Saturday, 26 July 2008

Marching Season in Scotland

It's not that I'm ignorant, far from it. I have family in Stroke City* who have tattered union flags on their streets, murals to King Billy on end gables and Red, White and Blue kerb stones outside their front door. However, growing up in rather leafy Northern Irish suburbia I have never been affected so much by the protestant marching season as I have since I moved to Scotland.

My first July in Scotland I was in bed in Stoneyburn enjoying a quiet lie in with my partner when the sound of marching bands struck up outside. I'd never lived on a parade route in my life, but Stoneyburn being more or less a one street village I lived on that street and the route went past. That was quite a shock.

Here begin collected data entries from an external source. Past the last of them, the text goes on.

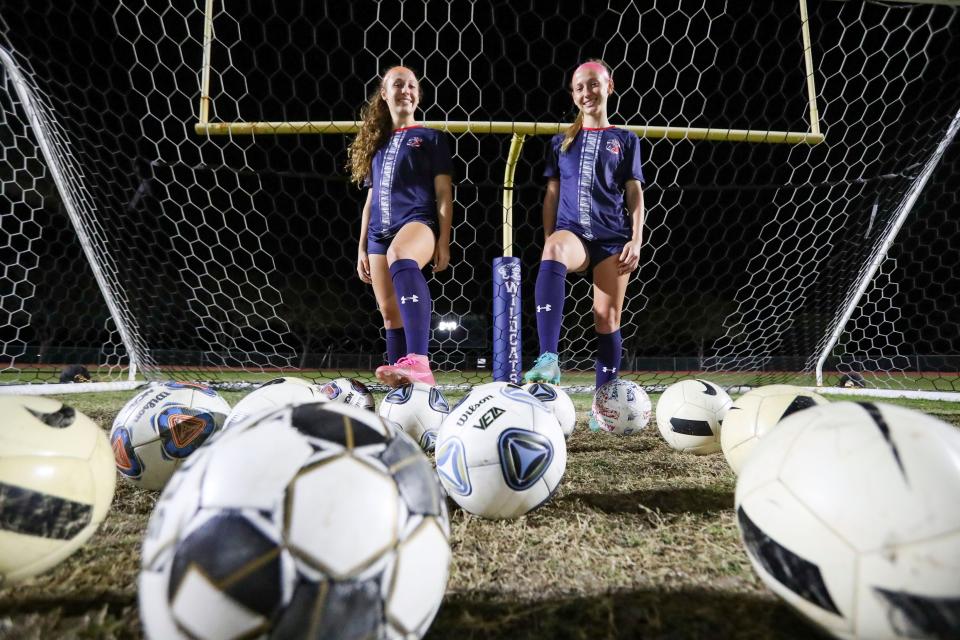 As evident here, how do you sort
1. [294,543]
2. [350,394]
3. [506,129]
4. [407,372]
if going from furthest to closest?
[506,129] → [350,394] → [407,372] → [294,543]

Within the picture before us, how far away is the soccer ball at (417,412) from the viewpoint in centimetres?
232

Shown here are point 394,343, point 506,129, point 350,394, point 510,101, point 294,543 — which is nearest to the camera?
point 294,543

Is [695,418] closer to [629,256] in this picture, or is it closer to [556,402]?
[556,402]

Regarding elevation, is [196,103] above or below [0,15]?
below

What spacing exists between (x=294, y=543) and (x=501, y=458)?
0.90 metres

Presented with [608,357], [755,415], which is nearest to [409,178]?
[608,357]

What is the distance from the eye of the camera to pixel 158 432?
6.06 ft

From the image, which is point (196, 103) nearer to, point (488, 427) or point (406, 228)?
point (406, 228)

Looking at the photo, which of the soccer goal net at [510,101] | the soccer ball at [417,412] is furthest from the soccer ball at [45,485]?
the soccer goal net at [510,101]

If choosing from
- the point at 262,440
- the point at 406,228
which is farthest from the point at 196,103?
the point at 262,440

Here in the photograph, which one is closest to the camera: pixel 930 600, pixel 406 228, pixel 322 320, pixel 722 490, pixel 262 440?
pixel 930 600

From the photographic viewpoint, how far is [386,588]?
73 cm

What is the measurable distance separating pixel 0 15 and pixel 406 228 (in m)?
4.27

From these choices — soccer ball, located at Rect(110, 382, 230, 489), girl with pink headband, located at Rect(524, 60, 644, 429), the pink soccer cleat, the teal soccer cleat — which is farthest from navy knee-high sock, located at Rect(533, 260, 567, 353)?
soccer ball, located at Rect(110, 382, 230, 489) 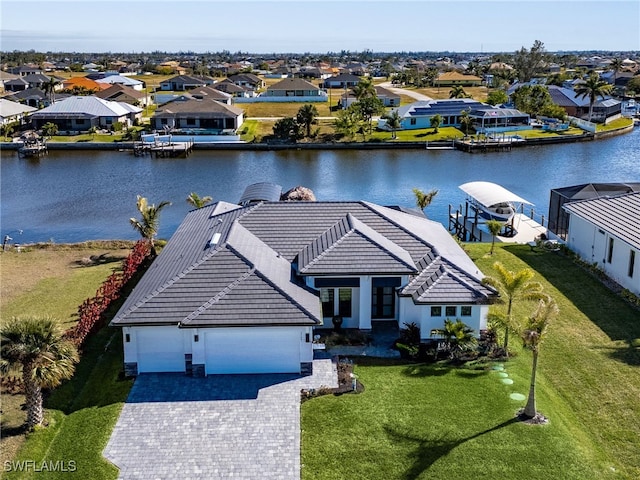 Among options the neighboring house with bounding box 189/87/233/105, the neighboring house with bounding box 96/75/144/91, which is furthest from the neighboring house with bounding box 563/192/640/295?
the neighboring house with bounding box 96/75/144/91

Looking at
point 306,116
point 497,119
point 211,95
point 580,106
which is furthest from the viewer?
point 211,95

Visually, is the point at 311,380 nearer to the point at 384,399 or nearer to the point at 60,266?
the point at 384,399

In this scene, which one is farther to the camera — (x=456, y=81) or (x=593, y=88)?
(x=456, y=81)

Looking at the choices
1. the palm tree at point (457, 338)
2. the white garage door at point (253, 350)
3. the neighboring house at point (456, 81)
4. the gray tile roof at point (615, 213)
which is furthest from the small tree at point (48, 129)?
the neighboring house at point (456, 81)

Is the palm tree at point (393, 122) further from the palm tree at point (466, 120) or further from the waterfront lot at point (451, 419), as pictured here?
the waterfront lot at point (451, 419)

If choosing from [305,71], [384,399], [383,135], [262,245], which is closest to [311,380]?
[384,399]

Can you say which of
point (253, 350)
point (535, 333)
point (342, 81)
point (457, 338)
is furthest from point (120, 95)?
point (535, 333)

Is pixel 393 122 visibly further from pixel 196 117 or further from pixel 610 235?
pixel 610 235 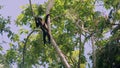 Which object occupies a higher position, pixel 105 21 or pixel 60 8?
pixel 60 8

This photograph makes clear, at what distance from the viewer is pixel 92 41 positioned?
14109 mm

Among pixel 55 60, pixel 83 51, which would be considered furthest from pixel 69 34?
pixel 55 60

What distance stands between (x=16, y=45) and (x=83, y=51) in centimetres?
535

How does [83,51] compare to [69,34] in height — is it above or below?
below

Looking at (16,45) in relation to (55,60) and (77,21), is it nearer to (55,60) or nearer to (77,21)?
(55,60)

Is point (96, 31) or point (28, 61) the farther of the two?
point (28, 61)

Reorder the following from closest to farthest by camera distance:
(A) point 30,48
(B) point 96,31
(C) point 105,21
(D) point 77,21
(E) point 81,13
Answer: (C) point 105,21, (B) point 96,31, (D) point 77,21, (E) point 81,13, (A) point 30,48

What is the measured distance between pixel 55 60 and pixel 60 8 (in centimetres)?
381

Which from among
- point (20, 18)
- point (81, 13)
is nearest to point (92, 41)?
point (81, 13)

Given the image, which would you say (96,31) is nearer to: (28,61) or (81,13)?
(81,13)

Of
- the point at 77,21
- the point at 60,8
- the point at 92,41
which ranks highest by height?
the point at 60,8

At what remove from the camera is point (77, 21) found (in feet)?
50.6

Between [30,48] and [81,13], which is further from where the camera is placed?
[30,48]

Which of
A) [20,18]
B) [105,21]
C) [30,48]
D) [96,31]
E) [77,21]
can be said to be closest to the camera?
[105,21] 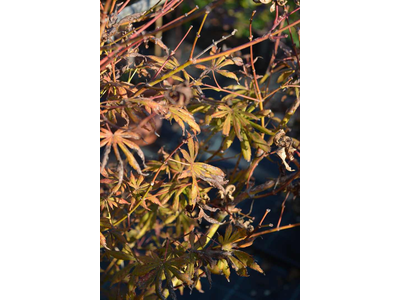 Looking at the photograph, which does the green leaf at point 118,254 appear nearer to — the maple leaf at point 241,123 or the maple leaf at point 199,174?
the maple leaf at point 199,174

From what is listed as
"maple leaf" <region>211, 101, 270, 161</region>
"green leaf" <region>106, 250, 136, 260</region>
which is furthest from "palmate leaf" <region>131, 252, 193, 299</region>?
"maple leaf" <region>211, 101, 270, 161</region>

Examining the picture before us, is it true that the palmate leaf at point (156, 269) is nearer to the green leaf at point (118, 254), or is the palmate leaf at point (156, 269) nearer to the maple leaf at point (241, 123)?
the green leaf at point (118, 254)

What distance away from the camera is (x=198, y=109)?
1.08 m

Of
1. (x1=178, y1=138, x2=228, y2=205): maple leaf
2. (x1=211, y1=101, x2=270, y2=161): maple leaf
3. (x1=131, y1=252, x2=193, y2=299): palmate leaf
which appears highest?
(x1=211, y1=101, x2=270, y2=161): maple leaf

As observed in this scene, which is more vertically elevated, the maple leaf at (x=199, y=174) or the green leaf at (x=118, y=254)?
the maple leaf at (x=199, y=174)

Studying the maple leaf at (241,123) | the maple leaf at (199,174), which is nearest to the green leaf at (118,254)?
the maple leaf at (199,174)

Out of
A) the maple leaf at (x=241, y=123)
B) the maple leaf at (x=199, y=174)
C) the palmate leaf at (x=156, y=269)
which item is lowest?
the palmate leaf at (x=156, y=269)

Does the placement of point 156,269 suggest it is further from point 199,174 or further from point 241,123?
point 241,123

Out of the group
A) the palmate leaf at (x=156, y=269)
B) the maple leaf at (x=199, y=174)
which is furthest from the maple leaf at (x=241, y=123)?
the palmate leaf at (x=156, y=269)

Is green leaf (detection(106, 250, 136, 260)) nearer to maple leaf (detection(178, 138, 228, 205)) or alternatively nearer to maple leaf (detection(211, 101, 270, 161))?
maple leaf (detection(178, 138, 228, 205))

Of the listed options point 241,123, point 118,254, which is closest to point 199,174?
point 241,123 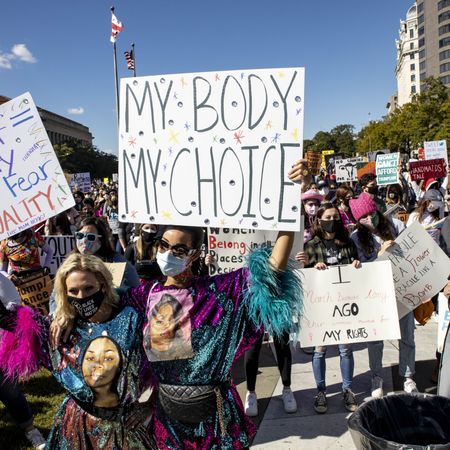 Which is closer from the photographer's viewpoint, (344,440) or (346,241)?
(344,440)

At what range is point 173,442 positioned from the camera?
2000mm

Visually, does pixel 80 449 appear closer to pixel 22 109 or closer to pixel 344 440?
pixel 22 109

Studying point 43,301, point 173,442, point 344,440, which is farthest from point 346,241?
point 43,301

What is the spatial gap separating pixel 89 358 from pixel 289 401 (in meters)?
2.37

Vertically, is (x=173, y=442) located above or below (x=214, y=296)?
below

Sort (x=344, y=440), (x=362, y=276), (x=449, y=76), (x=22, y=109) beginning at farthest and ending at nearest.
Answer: (x=449, y=76), (x=362, y=276), (x=344, y=440), (x=22, y=109)

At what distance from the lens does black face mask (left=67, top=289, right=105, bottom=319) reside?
2090mm

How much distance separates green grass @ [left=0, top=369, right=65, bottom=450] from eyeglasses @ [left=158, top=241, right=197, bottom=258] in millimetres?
2640

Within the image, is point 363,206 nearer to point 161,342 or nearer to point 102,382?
point 161,342

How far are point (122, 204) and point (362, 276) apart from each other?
2214 mm

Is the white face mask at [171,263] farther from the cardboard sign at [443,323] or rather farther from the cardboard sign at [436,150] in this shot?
the cardboard sign at [436,150]

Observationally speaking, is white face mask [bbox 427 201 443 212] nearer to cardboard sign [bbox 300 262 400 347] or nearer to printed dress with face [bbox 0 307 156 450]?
cardboard sign [bbox 300 262 400 347]

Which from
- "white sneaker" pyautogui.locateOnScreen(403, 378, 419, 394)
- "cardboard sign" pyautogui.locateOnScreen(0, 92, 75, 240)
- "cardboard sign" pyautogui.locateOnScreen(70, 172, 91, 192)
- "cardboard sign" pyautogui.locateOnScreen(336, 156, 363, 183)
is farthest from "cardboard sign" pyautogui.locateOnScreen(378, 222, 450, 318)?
"cardboard sign" pyautogui.locateOnScreen(70, 172, 91, 192)

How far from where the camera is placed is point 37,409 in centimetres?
427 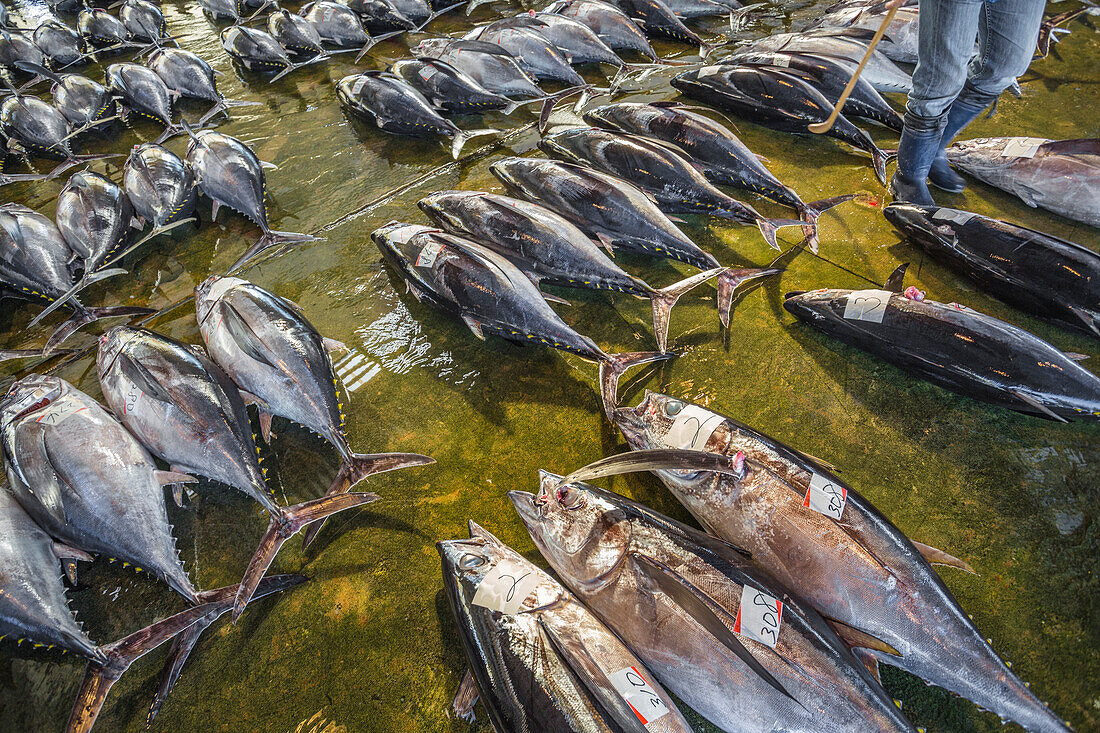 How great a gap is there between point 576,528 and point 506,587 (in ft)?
0.95

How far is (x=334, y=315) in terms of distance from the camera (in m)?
2.78

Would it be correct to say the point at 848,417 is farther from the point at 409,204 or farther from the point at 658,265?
the point at 409,204

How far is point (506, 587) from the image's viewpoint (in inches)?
62.7

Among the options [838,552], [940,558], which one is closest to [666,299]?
[838,552]

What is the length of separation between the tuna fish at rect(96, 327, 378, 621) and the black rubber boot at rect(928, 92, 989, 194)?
3.47 metres

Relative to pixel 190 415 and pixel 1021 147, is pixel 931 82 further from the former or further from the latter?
pixel 190 415

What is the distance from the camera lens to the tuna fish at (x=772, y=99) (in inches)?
133

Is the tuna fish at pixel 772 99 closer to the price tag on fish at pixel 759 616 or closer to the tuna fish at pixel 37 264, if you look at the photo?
the price tag on fish at pixel 759 616

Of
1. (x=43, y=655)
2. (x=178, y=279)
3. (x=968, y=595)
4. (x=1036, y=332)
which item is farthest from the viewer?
(x=178, y=279)

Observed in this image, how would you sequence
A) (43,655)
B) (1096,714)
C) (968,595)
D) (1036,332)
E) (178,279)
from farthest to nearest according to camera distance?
(178,279), (1036,332), (43,655), (968,595), (1096,714)

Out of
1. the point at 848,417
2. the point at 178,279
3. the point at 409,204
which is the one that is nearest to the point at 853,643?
the point at 848,417

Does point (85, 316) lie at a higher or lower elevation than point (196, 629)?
higher

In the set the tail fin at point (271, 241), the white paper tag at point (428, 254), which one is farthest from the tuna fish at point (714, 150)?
the tail fin at point (271, 241)

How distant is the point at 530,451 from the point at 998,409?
1830 mm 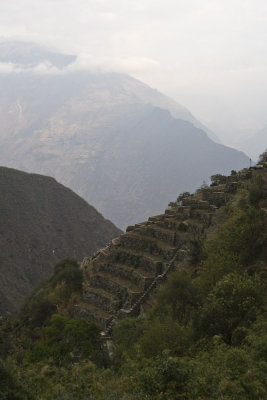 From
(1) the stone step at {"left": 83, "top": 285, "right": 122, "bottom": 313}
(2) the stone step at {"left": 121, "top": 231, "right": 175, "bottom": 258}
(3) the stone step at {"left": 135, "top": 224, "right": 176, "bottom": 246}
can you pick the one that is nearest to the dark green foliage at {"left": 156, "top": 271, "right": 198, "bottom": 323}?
(1) the stone step at {"left": 83, "top": 285, "right": 122, "bottom": 313}

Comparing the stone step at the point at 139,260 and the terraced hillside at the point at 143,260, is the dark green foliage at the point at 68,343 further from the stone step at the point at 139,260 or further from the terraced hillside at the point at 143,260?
the stone step at the point at 139,260

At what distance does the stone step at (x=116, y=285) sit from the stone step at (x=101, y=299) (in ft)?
1.10

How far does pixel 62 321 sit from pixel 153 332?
34.2ft

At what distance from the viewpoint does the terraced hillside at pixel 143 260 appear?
3025 centimetres

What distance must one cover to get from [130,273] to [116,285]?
1280 millimetres

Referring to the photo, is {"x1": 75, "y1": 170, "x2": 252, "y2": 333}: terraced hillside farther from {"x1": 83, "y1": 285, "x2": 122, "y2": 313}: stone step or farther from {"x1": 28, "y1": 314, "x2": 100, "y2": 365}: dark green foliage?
{"x1": 28, "y1": 314, "x2": 100, "y2": 365}: dark green foliage

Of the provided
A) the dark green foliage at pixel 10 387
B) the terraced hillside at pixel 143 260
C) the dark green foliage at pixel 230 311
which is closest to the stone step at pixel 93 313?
the terraced hillside at pixel 143 260

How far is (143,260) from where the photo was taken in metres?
33.3

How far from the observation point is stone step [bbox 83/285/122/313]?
30.7 m

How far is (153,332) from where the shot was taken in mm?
18234

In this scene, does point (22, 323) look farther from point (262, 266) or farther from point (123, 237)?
point (262, 266)

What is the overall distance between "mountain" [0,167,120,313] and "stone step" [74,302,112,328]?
44.5 m

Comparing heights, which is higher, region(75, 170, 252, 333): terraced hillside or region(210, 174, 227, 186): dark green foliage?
region(210, 174, 227, 186): dark green foliage

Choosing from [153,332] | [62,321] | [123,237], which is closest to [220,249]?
[153,332] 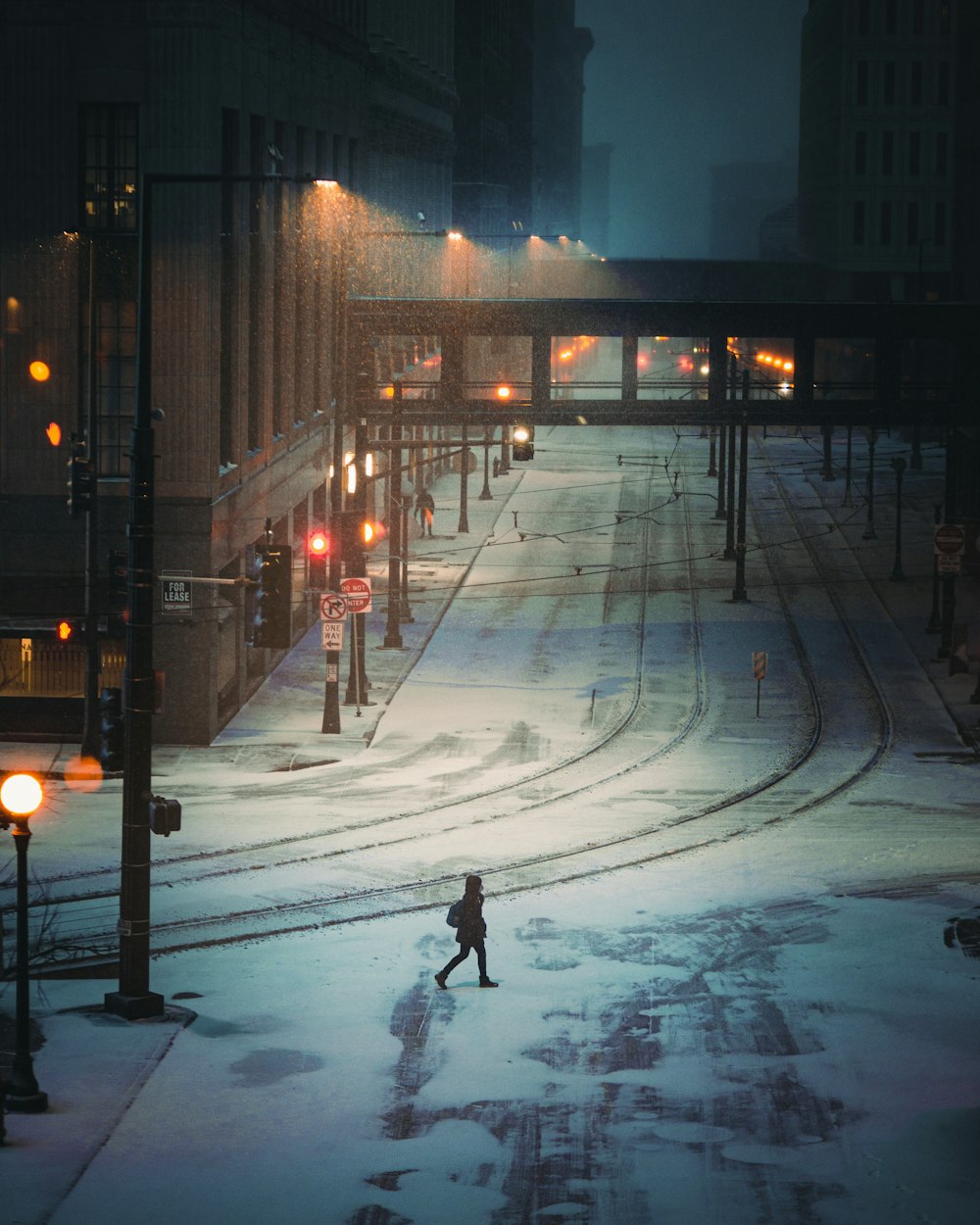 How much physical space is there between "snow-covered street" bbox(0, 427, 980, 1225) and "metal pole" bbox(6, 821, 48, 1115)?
25 centimetres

A couple of years ago I was heading by bus from Bathgate to Falkirk trying to get to some friends' wedding reception. However, at Shieldhill we got held up for what seemed like an age waiting for a parade to go past. Maybe it's because back home we knew when they were happening as they would have been on the news either because of protests or as a traffic warning, but to suddenly find myself delayed because of a march actually made me a little peeved.

It takes me to three Saturdays ago the 5th July was the big parade in Glasgow (see above) it was also the first weekend of the Glasgow East by election. Me being me I was heading to Glasgow for the politics, not the marching kind, that day. All was well after all the Orange March wasn't going to go through the East End of Glasgow until it came time for me to head home. I'd missed the last direct bus to Bathgate to was going to have to take a Citylink 900 into Edinburgh and out again from there. Of course at the time I was heading back a large number of drunken Orange supporters also wasn't to head back through to Harthill. Now I've drunk in loyalist and republican pubs in various places in Northern Ireland and with the friends I've been with been pointed out which people "not to mess with" shall we say, but getting on that bus with them I was actually a little scared.

You may ask why someone with my background and upbringing would be scared. My accent has had to mellow to be comprehended for starters, but more importantly this hoard were somewhat the worse for drink. If trouble were to start, though it didn't, I don't think they would have taken time to check my family credentials, how many signed the Ulster Covenant, which lodges family members belonged to, or just which protestant estates my kin lived in. The fact was despite all that I wasn't one of them, they didn't know me and therefore knowing that I had no support and helpful friends myself I was more scared than I had even been drinking in the "wrong" parts of Belfast.

*Stroke City is the shorthand North West Radio Ulster DJ Gerry Anderson started to avoid the whole Derry/Londonderry debate once this became a political issue so as not to offend any of his listeners from either side or none of the sectarian divide.

1 comment:

Cousin Rachel said...


This is brilliant. I always sensed that a lot of went on in Northern Ireland was thuggery dressed up in some sort of political/religious clothing, but was never close enough to the action to be able to prove it.

It's odd reading it from my "leafy Northants" vantage-point, even if "painted kerbstone loyalism" is as much a part of my heritage as it is of yours.

I couldn't rattle off the names of the Oranges Lodges, though: would do better at the Protestant estates!